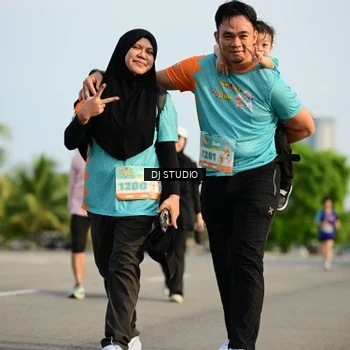 Runner Photo 8355387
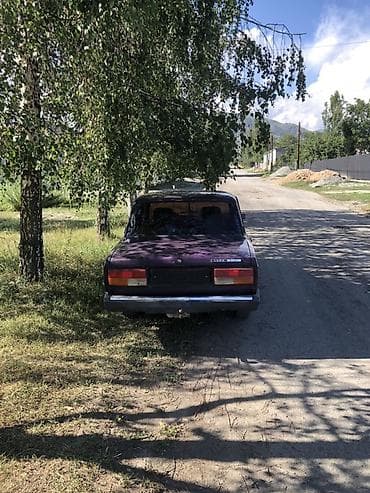 радар авто: ВАЗ (ЛАДА) 2107: 2004 г., 1.6 л, Кол менен иштөөчү, Бензин, Седан — 3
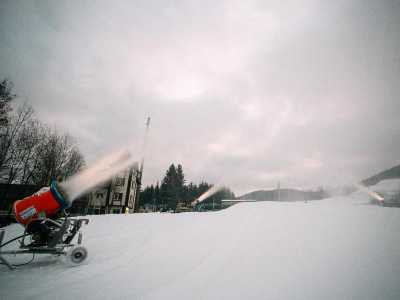 Снег гарантирован с наличием снежных пушек на горнолыжной базы Катерина в Закарпатье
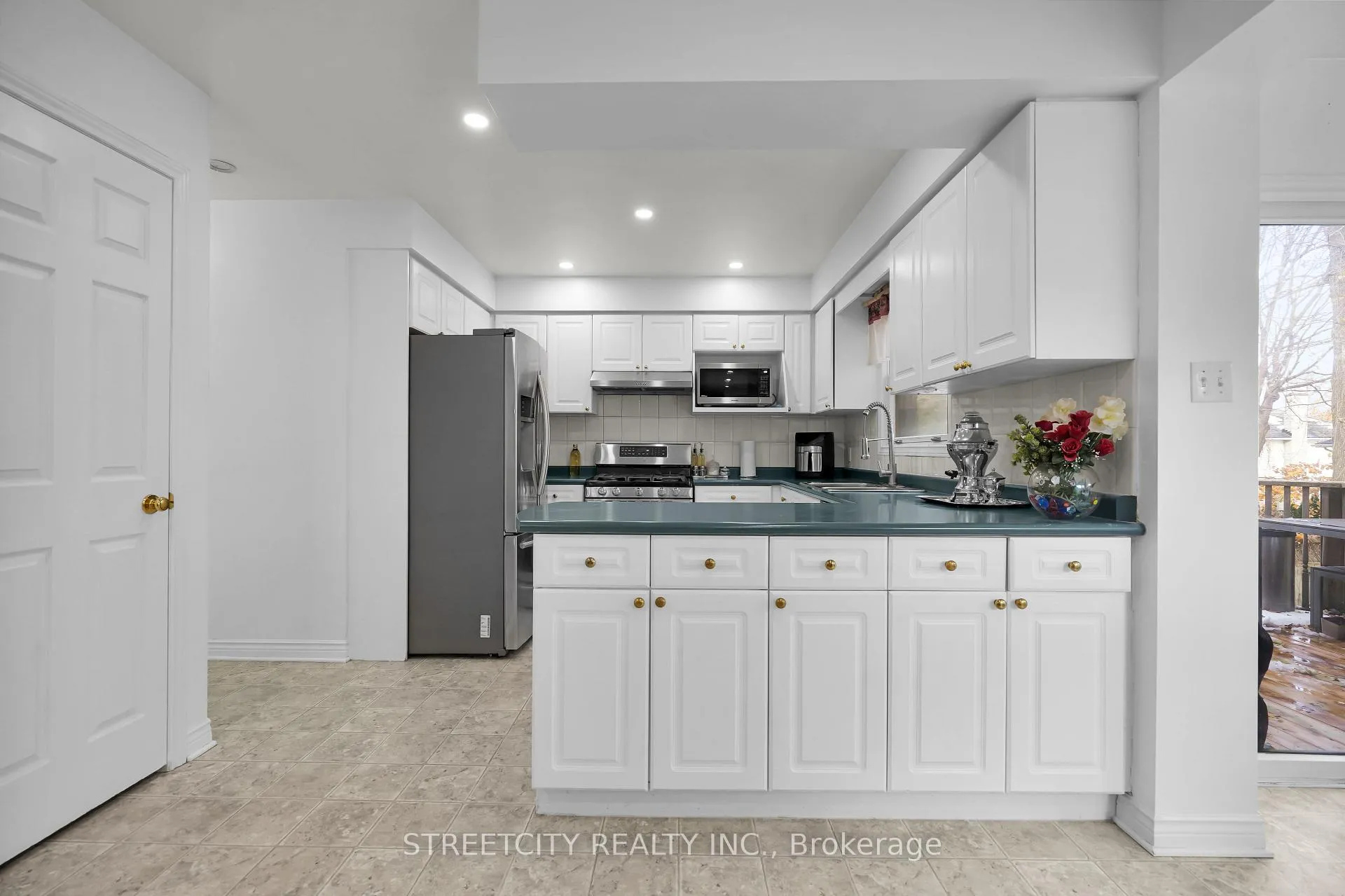 Photo 17 of 713 Guildwood Boulevard, London, North M — HOMEH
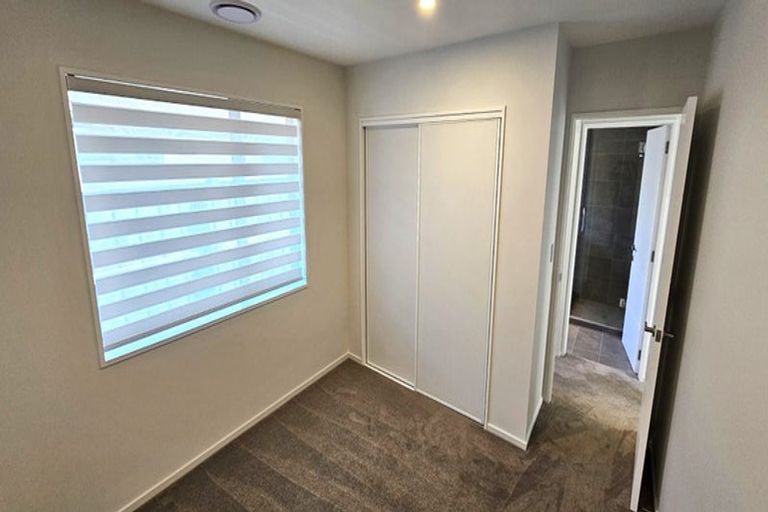 Photo of property in 10 Grimwood Street, Woodend, 7610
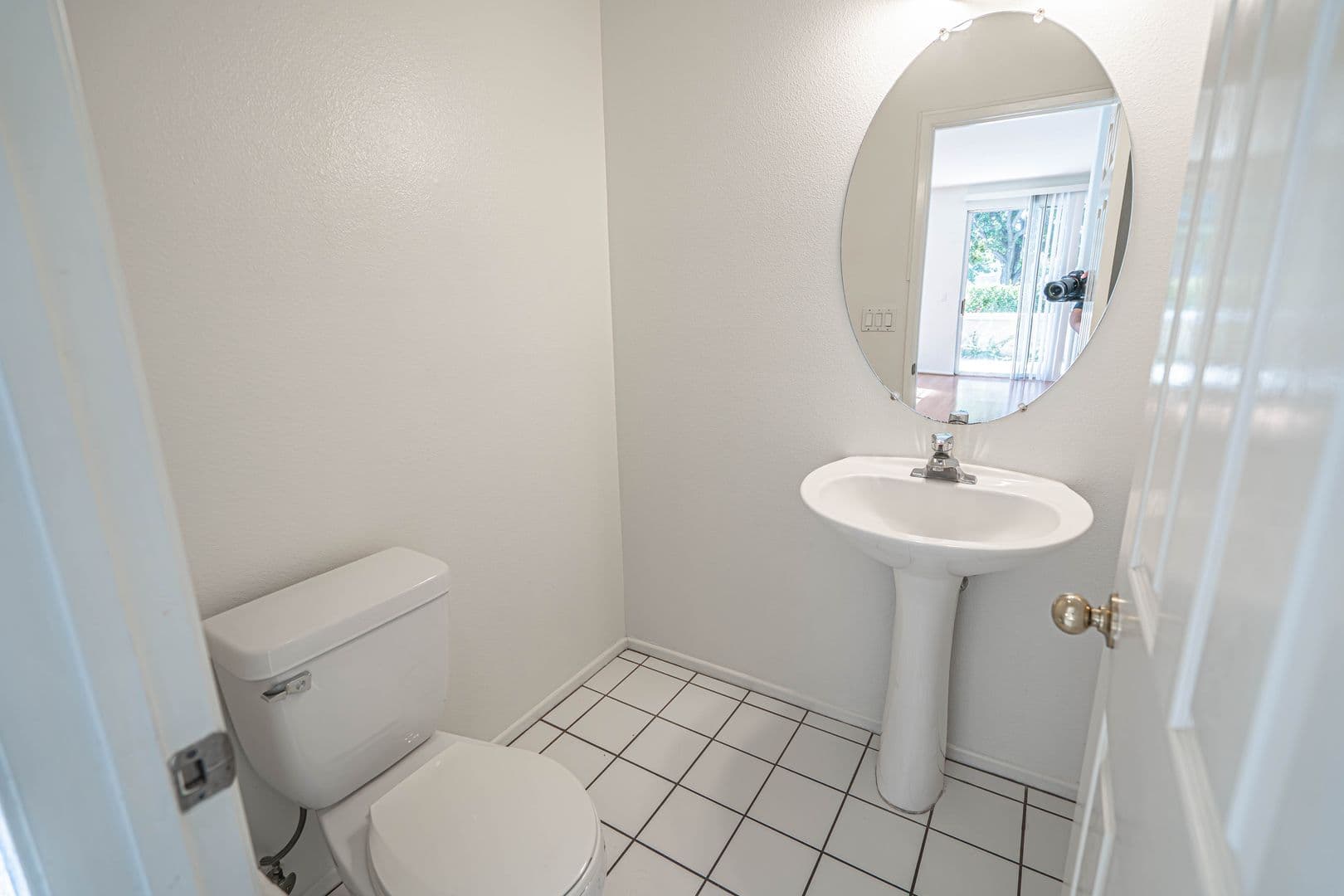 Santa Clarita Townhome: 25410 Dry Creek Court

========================

• _Problem details_: The answer must consist solely of the lines from the one with "Photo 17 of" through the final line of the data, each reproduced exactly and with pictures omitted.

• _Response_:
 Photo 17 of 713 Guildwood Boulevard, London, North M — HOMEH
 Photo of property in 10 Grimwood Street, Woodend, 7610
 Santa Clarita Townhome: 25410 Dry Creek Court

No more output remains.